Через час, пока не рассеялся мрак, Согрин вывез Барышева в Межевую дубраву и верстах в шести от села высадил с телеги.
Перекинув котомку с припасом через плечо, тот углубился сразу в бездорожье, в березовые леса, напрямик к городу.
Согрин огорченно покачал головой. Как такому довериться? Барышев действительно выглядел натуральным бродягой, до крайности опустившимся, и не внушал никаких надежд.
Но ничего лучшего не было.
- Вот так-то, Гурлев! - вполголоса молвил он, поворачивая подводу обратно в село. - Через Барышева с тобой рассчитаемся…
4
В те же августовские дни, перед жатвой, Федор Чекан собрался на постоянную работу в деревню. В путевке, которую он получил в окружном комитете партии, было указано: "Направляется в распоряжение Калмацкого райкома для использования на культурно-просветительном фронте". Накануне отъезда Федор попрощался с Лидой Васильевой. Любовь у них была недавняя, еще не окрепшая, не проверенная временем, но ему казалось, что кроме Лиды он никогда и никого не полюбит, что она единственная, с которой может соединить свою жизнь. Лида тоже говорила, будто он для нее очень дорог, а поехать вместе с ним отказалась.
- Зачем? Я горожанка. Деревня меня ничем не прельщает. И у тебя в жизни не это самое главное. Ты вскоре можешь стать машинистом, потом выдвинуться на какую-нибудь руководящую должность…
- А если не на руководящую? - усмехнулся Федор.
- Не навечно же останешься на паровозе, - пожала плечиками Лида. - Всякий мужчина прежде всего должен подумать о своей семье, как ее обеспечить…

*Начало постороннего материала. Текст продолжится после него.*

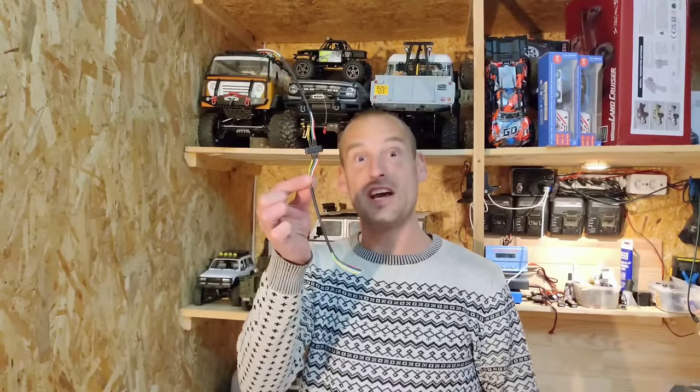Hey guys, are you into RC cars like I am? Well then, this little cable can change your life! Stay tuned!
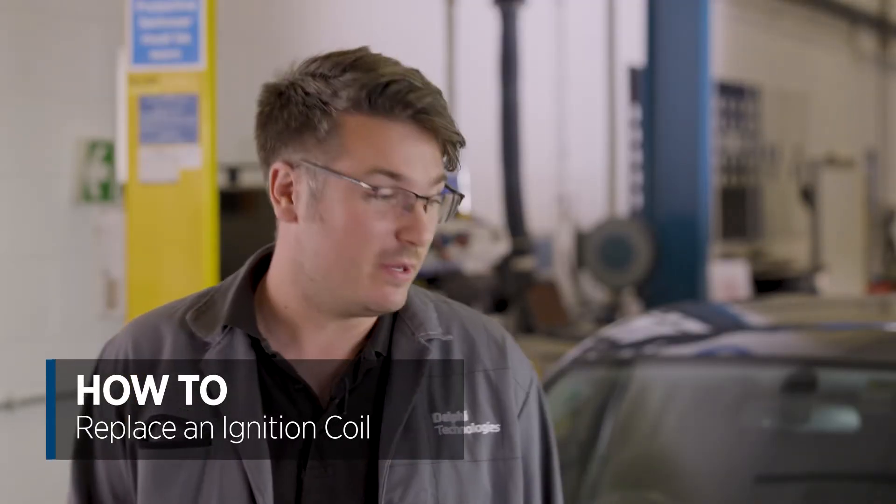Hi, my name is Luke from Delphi Technologies. Today we're going to be doing a how-to video on how to replace an ignition coil on this BMW 3 Series.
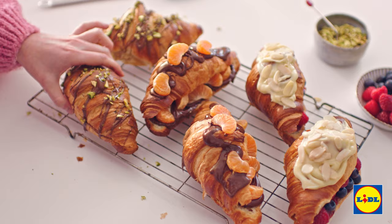So there you have it — crunchy lucky dip croissants that are ready to dive into. If you want more brilliant recipes from Lidl, remember to like and subscribe.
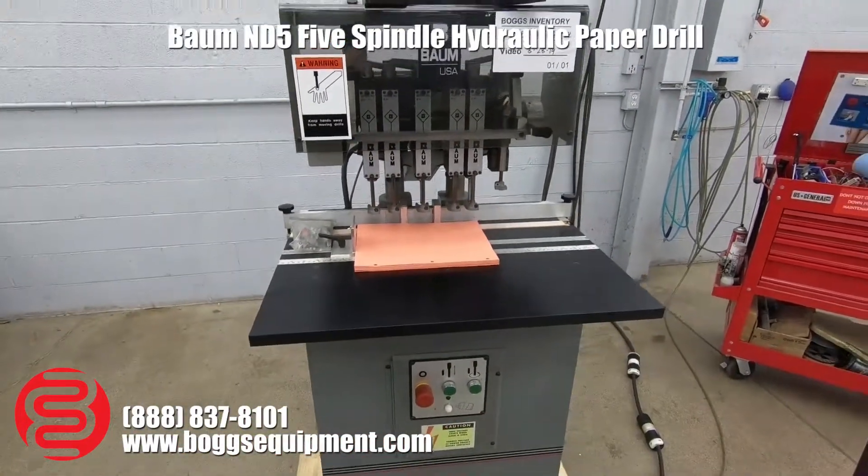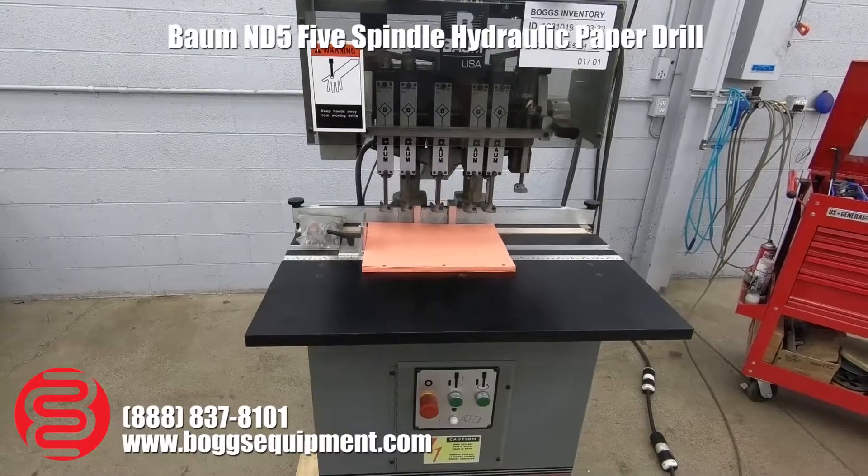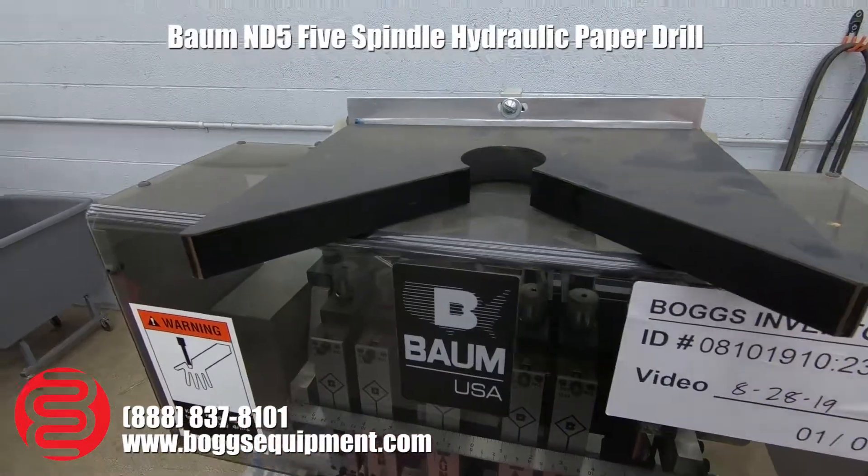Here we have a BOM model ND5B paper drill. This machine runs on three-phase power. I want to point out we do have the corner rounding attachment and the block up there as well.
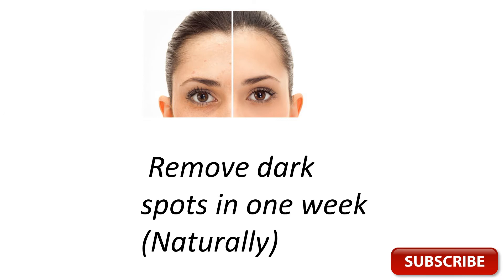Hi everyone, welcome back to another informative video. In today's video we will talk about how to remove dark spots in one week naturally.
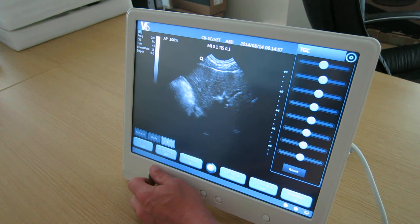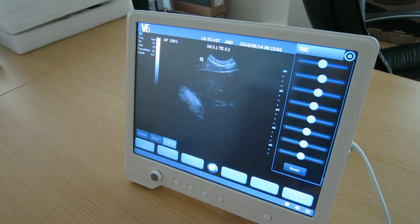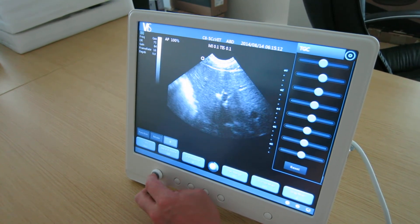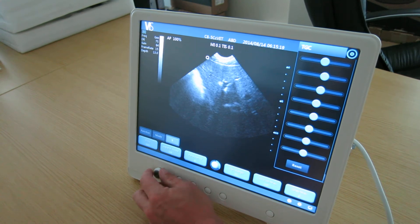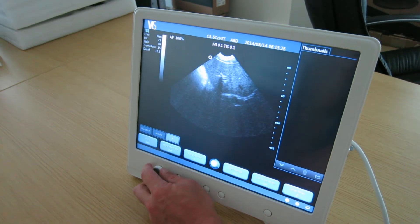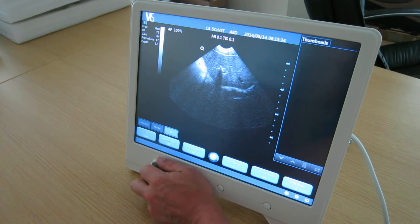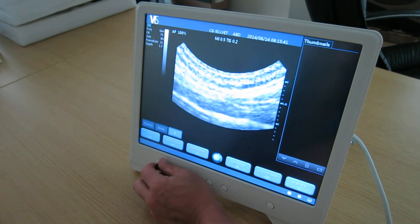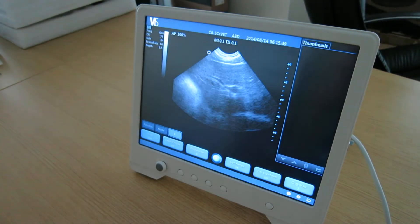I'll turn that down a bit. So it has good gain range, good penetration, good depth range. Just need to press the button once and then you change the depth — down to 15cm going all the way down to 1.5cm. Ideally, we're scanning probably around the 9cm mark for today's demonstration.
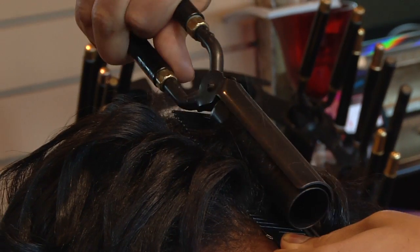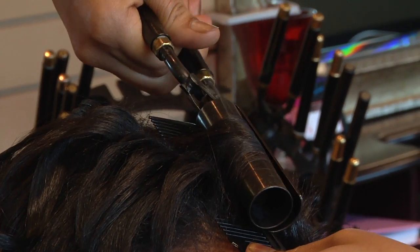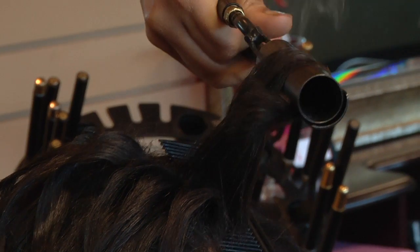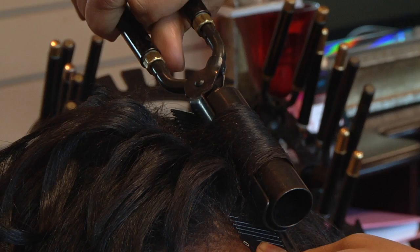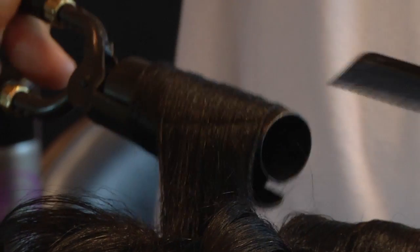Next, I'm going to go to the next section and repeat this continuously until I have my desired look throughout the entire head for my client. I'm Quantica Sparks, and that's how to style hair with Marcel Curling Irons.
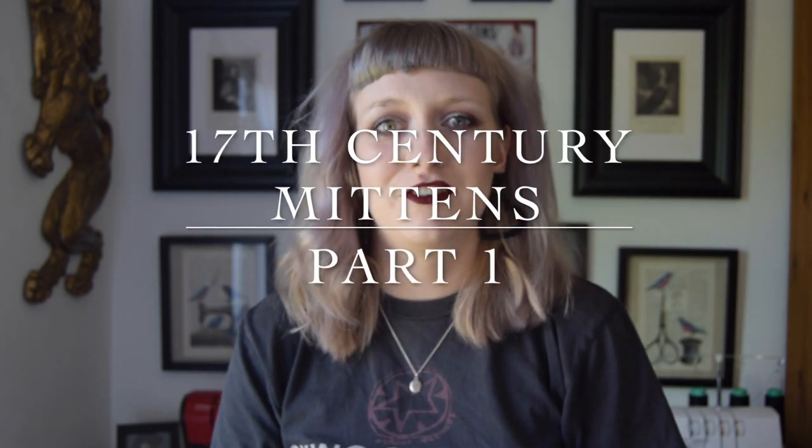Hi everyone, welcome to my channel. My name's Hannah and I make and design historical costume.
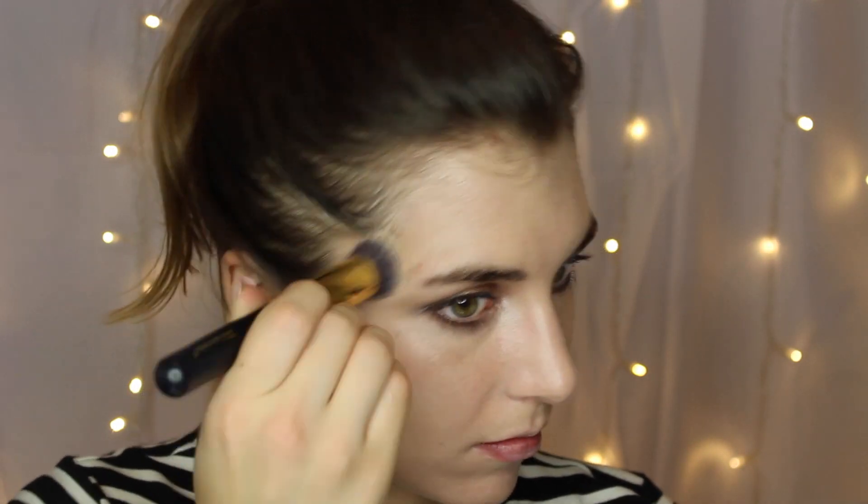Then I moved on to foundation — this is another flashback product that I absolutely loved when it came out and for some reason got pushed to the back of my stash, so I'm revisiting it here. It is the Physicians Formula Nude Wear Touch of Glow Foundation, and mine is in the shade Light, though I do find it oxidizes deeper.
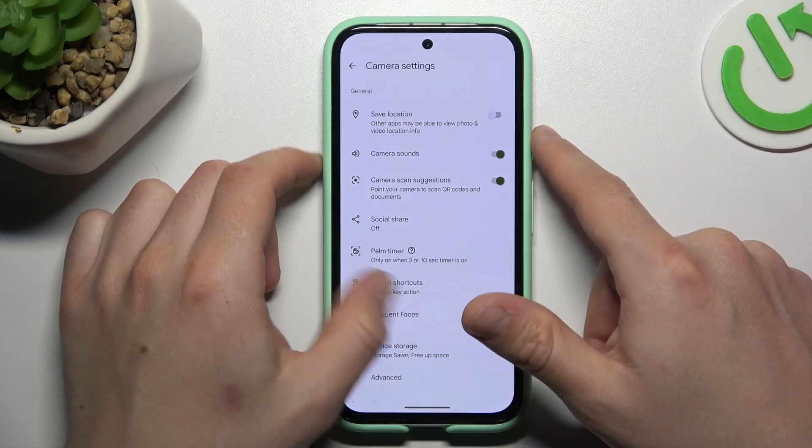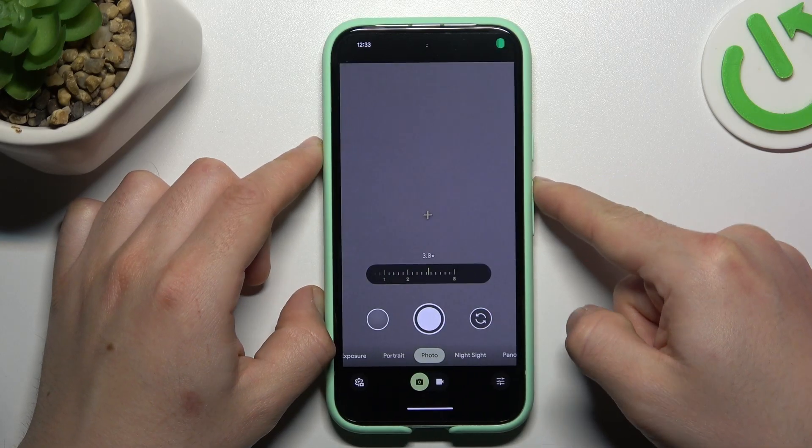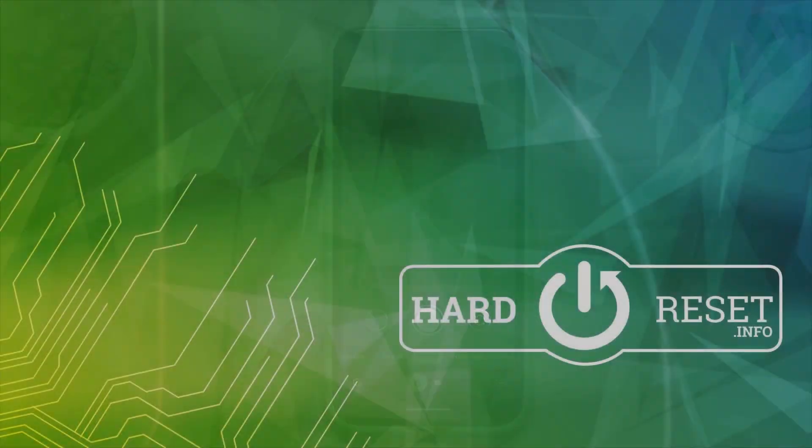Go back to camera and now you can use your volume buttons as you wish. In my case, zoom in and zoom out. That's it, thanks for watching, leave us a like, recommend and goodbye.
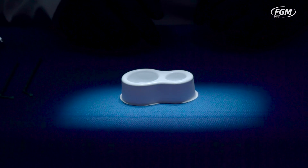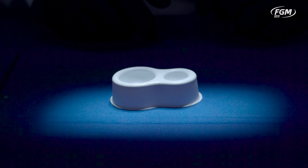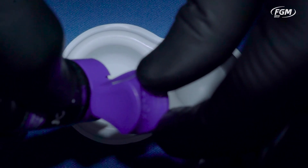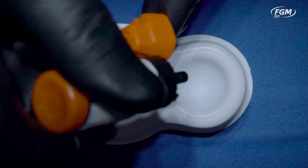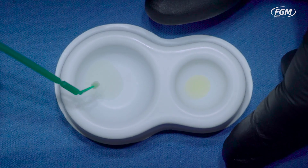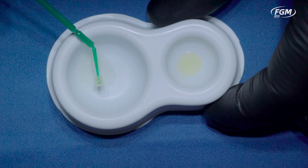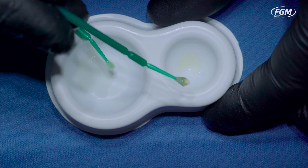Now we're going to demonstrate the effect of APS technology on the color of adhesives. We have a drop of APS, and in sequence, we're going to add a drop of another well-known adhesive on our dispensing well. As you may see, one has a transparent color — APS — and the other one has quite a yellowish appearance.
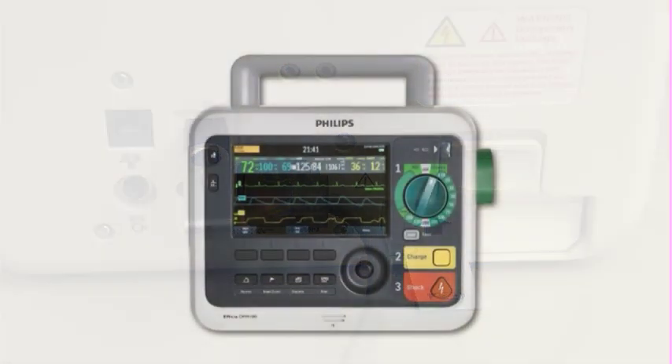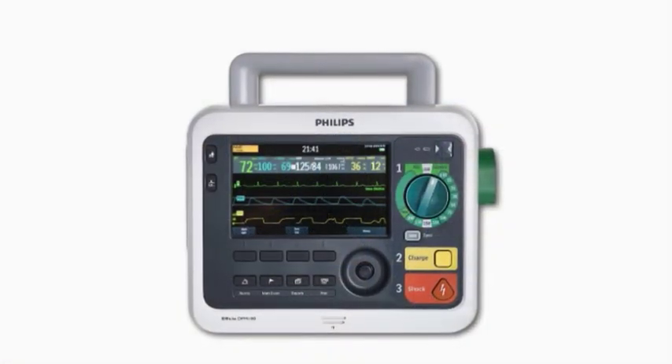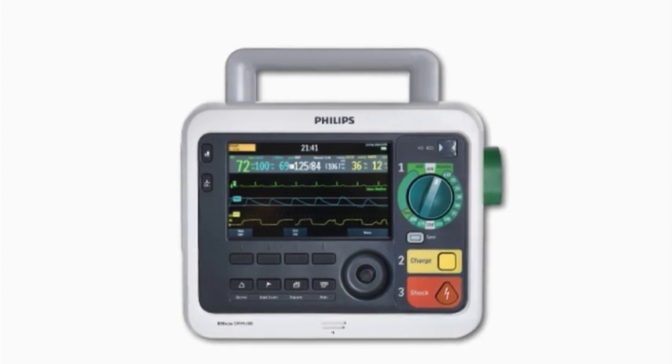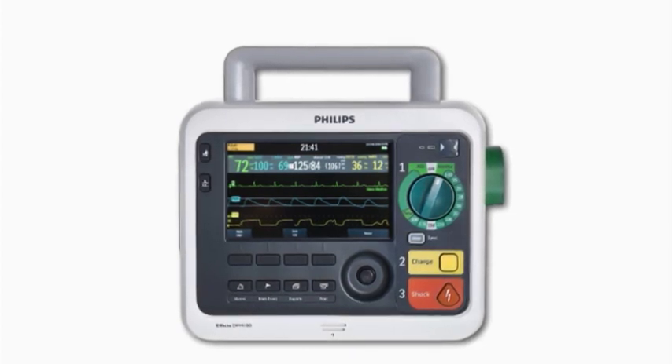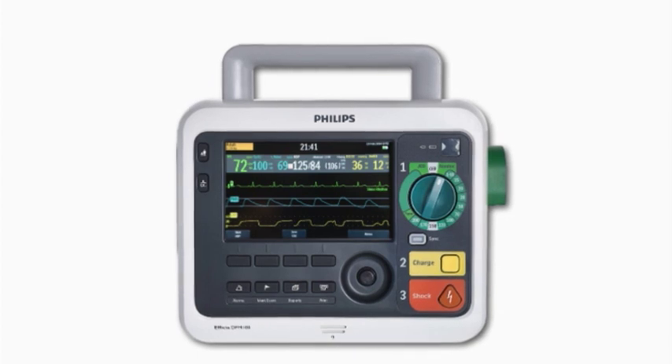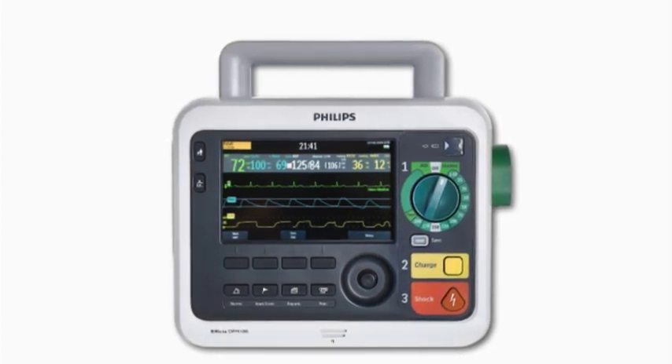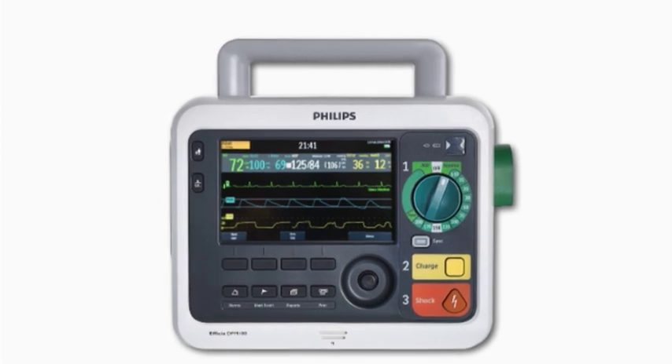No matter where you work, the DFM100 can be configured to meet your clinical needs. For this program, we'll demonstrate operation using the default configuration settings. Be sure to familiarize yourself with your device's configuration before using the DFM100.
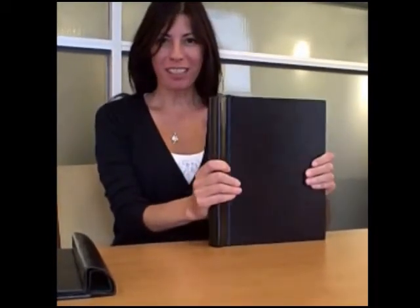Hi, I'm Nancy Hall, and we're going to talk to you today about these black snap binders. One of these days you'll be filing your dissertation electronically, but for right now we require that you submit your dissertation copies in these binders.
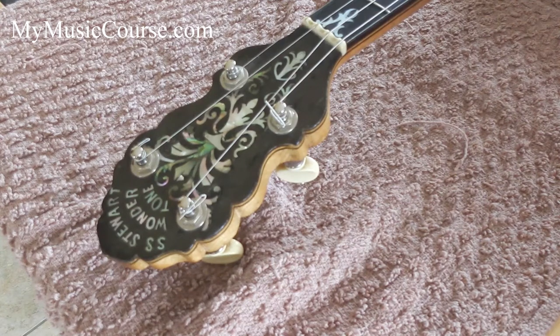Hello and welcome to MyMusicCourse.com. Today I'm going to show you how to restring a tenor banjo. The way I'm going to restring is applicable to most other folk instruments or acoustic instruments.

- Подумать я могу и в деревне.
- Ты что же, требуешь от меня жертвы? - расстроенно спросила Лида. - Сегодня собрался в село, завтра тебя пошлют куда-нибудь на Северный полюс, к белым медведям, и я обязана буду за тобой всюду ездить…
Она была единственной дочерью главного кондуктора Захара Власовича, человека, уважаемого на производстве, но слабого в семье, где все существовало "только для Лидочки".
- Ты будешь работать, - не очень уверенно попытался убедить ее Федор.
- Я! Работать!.. Так зачем мне муж?
И Федор сказал:
- Ну, что же, моя белокурая, синеглазая. Покуда прощай! Не знаю, можно ли измерить, что в жизни важнее: любовь или долг? Для меня важно то и другое! И ты на досуге реши: или на весь наш век вместе или врозь навсегда!
До села Калмацкого ему удалось доехать на попутной подводе.
День клонился к вечеру. Солнце уже стояло низко над домами, поливая окна желтоватым меркнущим светом. Райком партии находился в центре села, на берегу прорезавшей площадь тихой, под тополями, речки. Дом бывший купеческий, с резными карнизами и с магазином на первом этаже, с парадным крыльцом, откуда на второй этаж вела крутая лестница. Прочитав вывеску, Федор поднялся наверх и сразу же из коридора увидел кабинет секретаря райкома Антропова. Дверь была раскрыта настежь, а сам Антропов сидел за столом, склонив над бумагами массивную золотисто-рыжую голову. Поставив сундучок у входа, Федор причесал взмокшие под кепкой волосы, поправил на себе гимнастерку и постучал об косяк согнутым пальцем.
- Входи, я один тут, - чуть зевнув и прикрывая рот ладонью, сказал Антропов. - Из города, что ли, прибыл?
- По путевке, - подтвердил Чекан. - В ваше распоряжение…
- Ну, садись, - кивнул Антропов на стул у стола. - Будь, как дома!